Solamente ella pudo obrar esa alquimia. Nos hallamos ante una obra neorrealista descarnada, la mirada hacia el submundo donde se puede arrojar a alguien a las aguas del Tíber por 40.000 liras. Prostitutas romanas que malviven en cuevas de la urbe de extrarradio, desoladora soledad que, sin embargo, nunca logra evitar que estemos ante una de las películas más dulces de la Historia.

Cuando Cabiria baila, el mundo se ve agitado. Sería menos conmovedor su alegato si la viéramos ceder a la digna resignación o una furiosa vendetta. La pequeña protagonista muestra la grandeza de la inocencia que se niega a que bajen el telón, una fe inquebrantable en algo más.

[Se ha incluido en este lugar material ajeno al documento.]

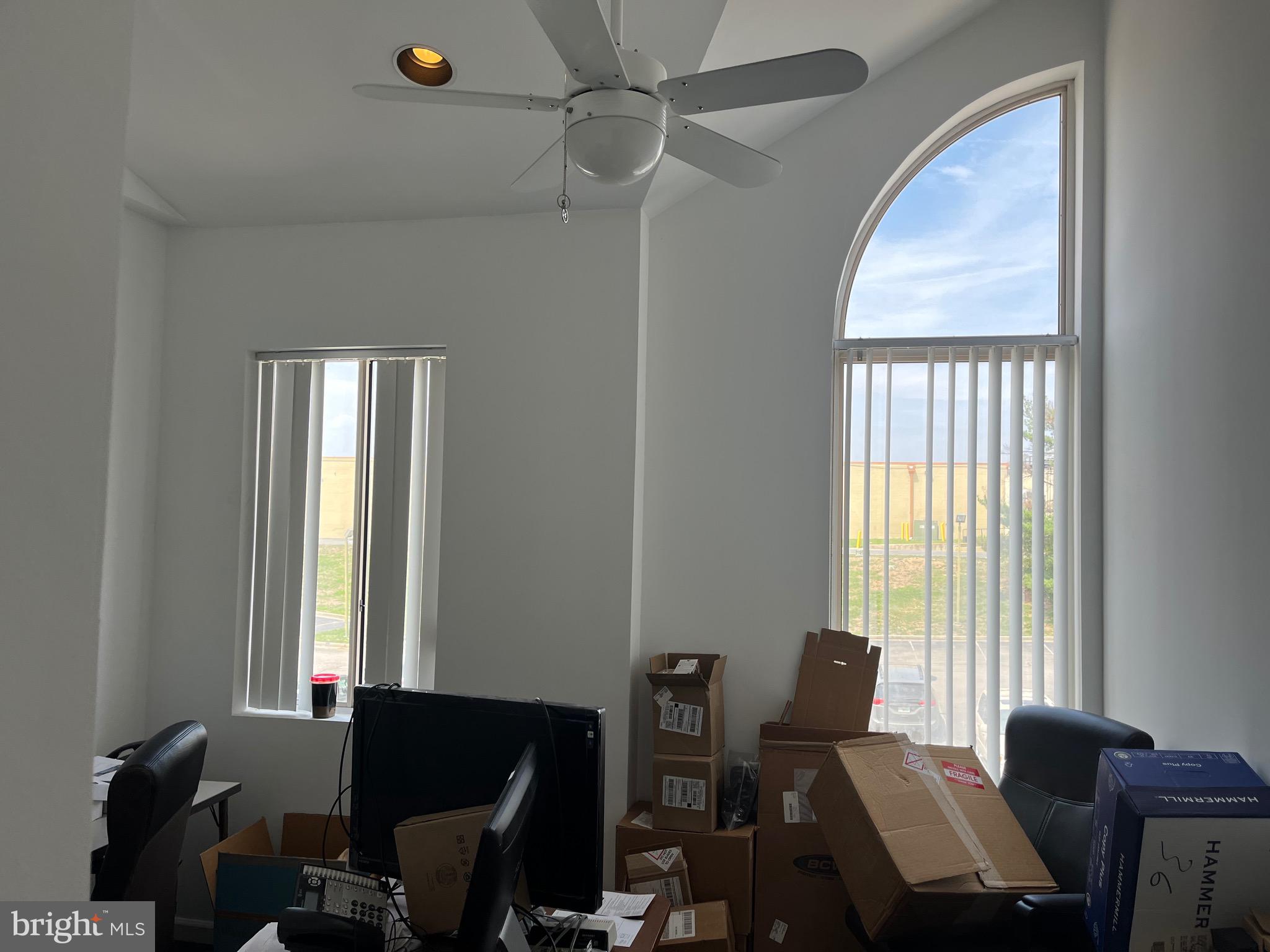 SMOKETOWN CROSSING OFFIC - Commercial Lease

A lo largo de una biografía peculiar, Fellini vio muchas cosas, incluyendo a su país sumido en la locura de una alianza insensata y la devastación de la II Guerra Mundial. Sea como fuere, como admitiría ante su amigo Giovanni Grazzini, la emoción que le desarmaba era la inocencia. Masina posee los ojos de la infancia y el encanto de la modestia.

Giulietta Masina en Le notti di Cabiria.
Giulietta Masina en Le notti di Cabiria.

Cuando el mago Aldo Salvini utilizó a la muchacha para despertar las sonrisas cómplices del público, la audiencia del film se siente ajena e incómoda frente al strip-tease emocional. Las noches de Cabiria es cervantina en el sentido de que no albergamos ningún deseo de compartir las burlas que se hacen sobre su protagonista; nos ilusionamos por sus anhelos y sentimos una punzada de compasión por ella ante cada revés.

Cuestión de intuición

El argumento pasó por varias manos de finos ebanistas. Tullio Pinelli, Ennio Flaiano y el propio Fellini. Sí, el mismo Flaiano que estuvo en esa obra maestra llamada El verdugo (1963). Berlanga y Azcona se jactaron de que mantuvieron su casticismo ante el lirismo de su colega italiano, quien con Cabiria sí se ve libre para dejarlo aflorar.

Cuidado, eso sí, no estamos ante una pieza cursi. Jamás habría inquietado ni molestado de haberlo sido. En su dulzura, Las noches de Cabiria esconde una bomba mortífera de alto alcance. Gerardo Sánchez la califica como un cuento sentimental.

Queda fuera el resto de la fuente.